Given information section start

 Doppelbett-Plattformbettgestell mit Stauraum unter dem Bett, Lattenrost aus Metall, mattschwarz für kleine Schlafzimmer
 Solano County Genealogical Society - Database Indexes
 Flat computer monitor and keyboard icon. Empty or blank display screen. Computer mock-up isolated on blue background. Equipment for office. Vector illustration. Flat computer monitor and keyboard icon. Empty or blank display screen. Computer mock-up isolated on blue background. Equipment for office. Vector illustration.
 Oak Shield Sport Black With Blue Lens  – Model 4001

Given information section end
Given information section start

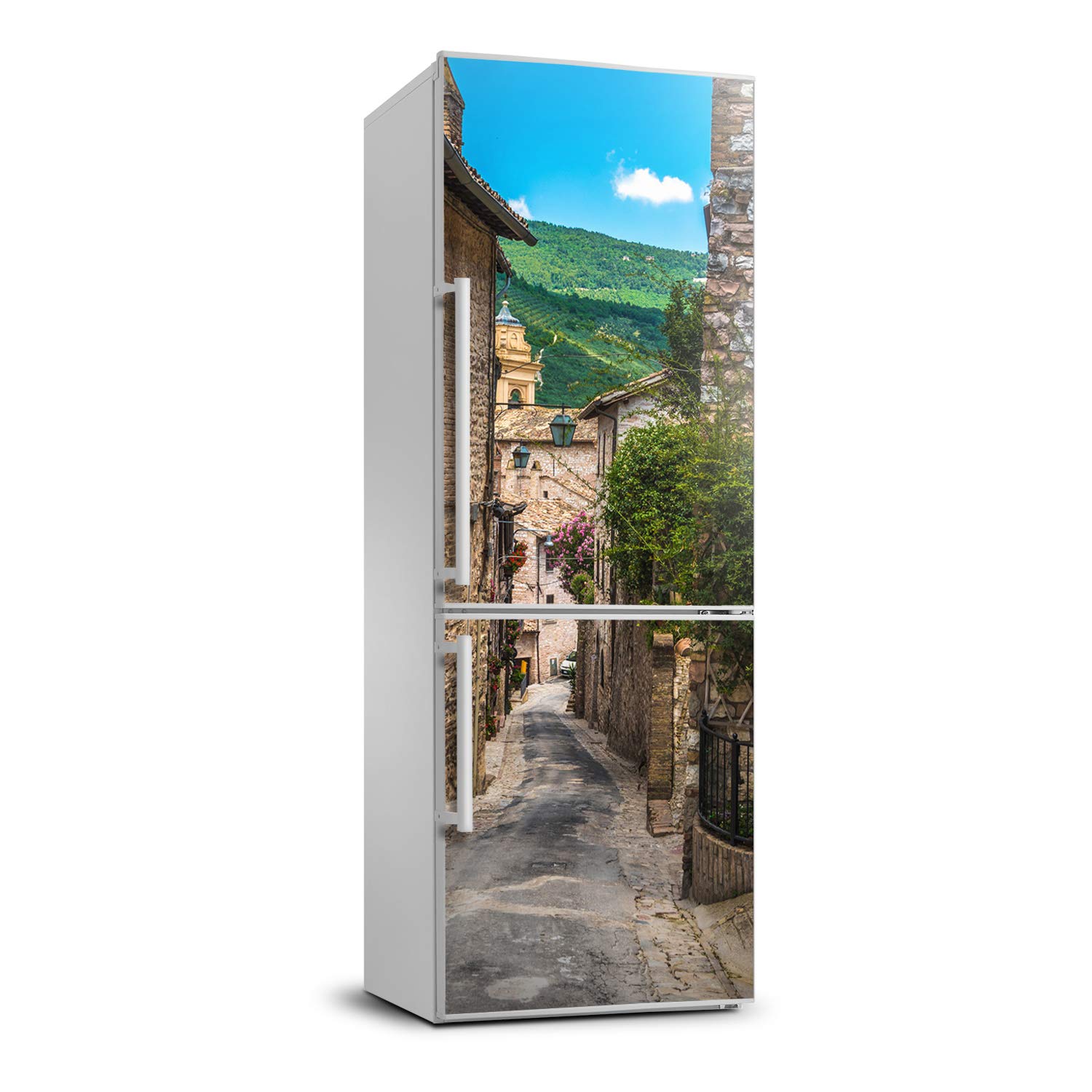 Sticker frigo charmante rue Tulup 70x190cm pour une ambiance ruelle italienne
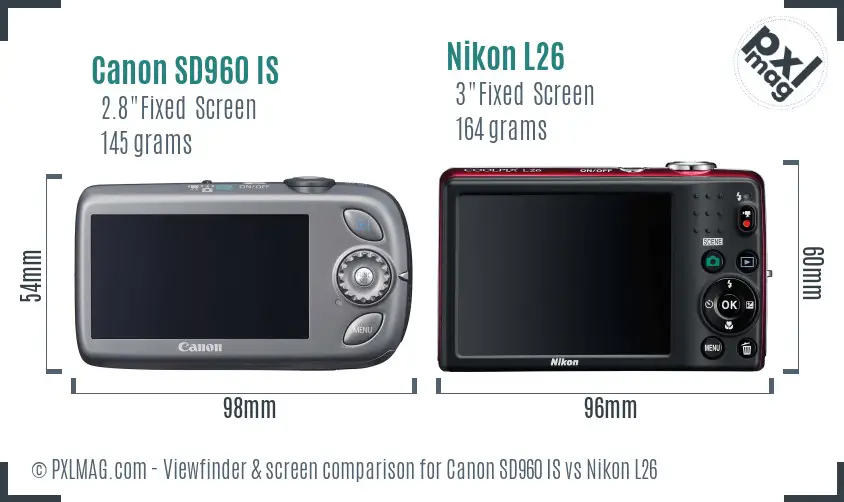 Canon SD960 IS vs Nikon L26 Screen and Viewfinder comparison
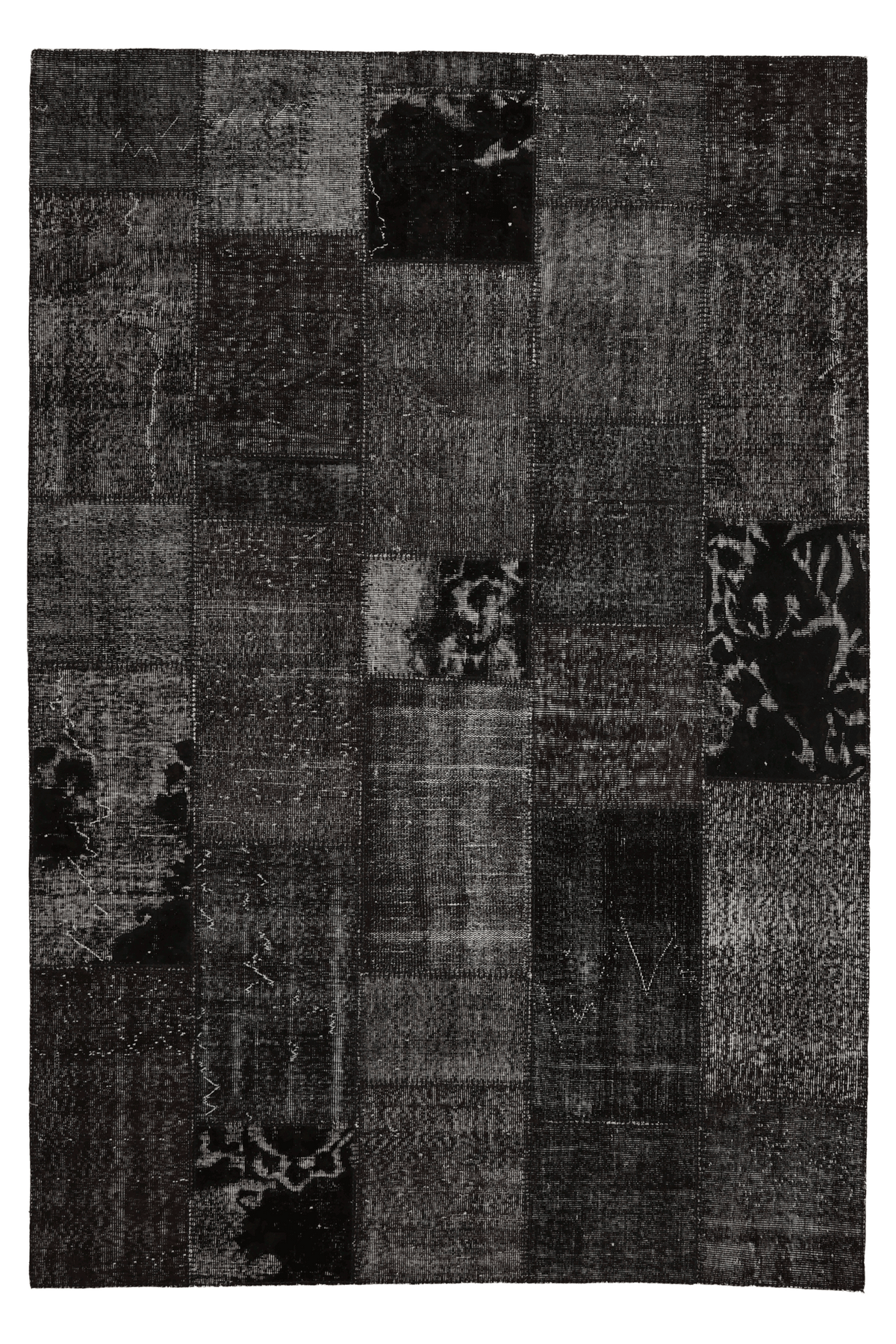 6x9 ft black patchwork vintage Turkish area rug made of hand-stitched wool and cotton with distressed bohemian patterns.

Given information section end

◆ Directions for this task
Repeat the entries above verbatim, but only from the line that has "Doppelbett-Plattformbettgestell mit Stauraum" down to the line that has "Solano County Genealogical", inclusive.

◆ Response to this exercise
 Doppelbett-Plattformbettgestell mit Stauraum unter dem Bett, Lattenrost aus Metall, mattschwarz für kleine Schlafzimmer
 Solano County Genealogical Society - Database Indexes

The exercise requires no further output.